The Florida Elections Commission looked at that issue in the investigation that has revealed all kinds of unlawful activity and led to 28 civil charges being filed against Ritter by the state. Inside, see Ritter's attorney's seemingly faulty explanation for the contribution.
In a response to the investigation, Ritter attorney Mark Herron defended the contribution by first saying that Ritter's contribution didn't to go the convention but to the Denver 2008 Convention Planning Committee.
"A contribution to the Denver 2008 Convention Planning Committee is not a contribution to political party. The Denver 2008 Convention Planning Committee is a charitable organization pursuant to s. 501(c)(3) of the Internal Revenue Code," wrote Herron.
What? How can an obviously partisan political group be considered a charity? We all got a crash course in the exclusion of politics from 501(c)(3) during former Mayor Ken Keechl's controversial Mayor's Gala, after all.

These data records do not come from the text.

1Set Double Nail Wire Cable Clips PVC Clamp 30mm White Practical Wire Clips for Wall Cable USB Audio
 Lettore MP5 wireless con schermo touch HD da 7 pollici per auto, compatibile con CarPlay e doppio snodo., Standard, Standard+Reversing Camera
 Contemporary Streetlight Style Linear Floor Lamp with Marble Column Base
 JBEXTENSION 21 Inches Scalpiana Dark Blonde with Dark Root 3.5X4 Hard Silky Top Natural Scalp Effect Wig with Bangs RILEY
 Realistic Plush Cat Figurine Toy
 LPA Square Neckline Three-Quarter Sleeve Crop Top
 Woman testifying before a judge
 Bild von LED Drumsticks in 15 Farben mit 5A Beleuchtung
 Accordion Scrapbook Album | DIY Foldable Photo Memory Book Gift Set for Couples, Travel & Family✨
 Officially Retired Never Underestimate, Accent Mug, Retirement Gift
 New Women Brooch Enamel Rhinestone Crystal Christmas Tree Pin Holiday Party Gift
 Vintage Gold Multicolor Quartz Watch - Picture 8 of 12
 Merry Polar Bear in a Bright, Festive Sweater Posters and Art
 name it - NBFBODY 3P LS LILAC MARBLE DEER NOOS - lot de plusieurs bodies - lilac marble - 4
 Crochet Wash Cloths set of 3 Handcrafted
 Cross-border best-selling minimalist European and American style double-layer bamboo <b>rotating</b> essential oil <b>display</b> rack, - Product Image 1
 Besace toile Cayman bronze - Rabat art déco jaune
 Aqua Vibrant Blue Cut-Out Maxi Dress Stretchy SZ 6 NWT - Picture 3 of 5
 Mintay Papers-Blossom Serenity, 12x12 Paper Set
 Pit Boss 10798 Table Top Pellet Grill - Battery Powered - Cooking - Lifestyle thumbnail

I'm researching this, but on first glance, it looks like somehow the committee was granted charitable status. Here's an explanation found on the Colorado Women's Chamber of Commerce website:
This August, Denver will be the host city for the 2008 Democratic National Convention and the Denver 2008 Convention Planning Committee has the privilege and historic opportunity to showcase and celebrate Denver in front of 15,000 members of the media on a world stage. The Planning Committee has made a commitment to raise more than $40 million in cash to host a successful convention and needs your help in meeting that goal... The Denver 2008 Convention Planning Committee is a 501(c)(3) organization and contributions to the Planning Committee may be tax deductible as a charitable contribution.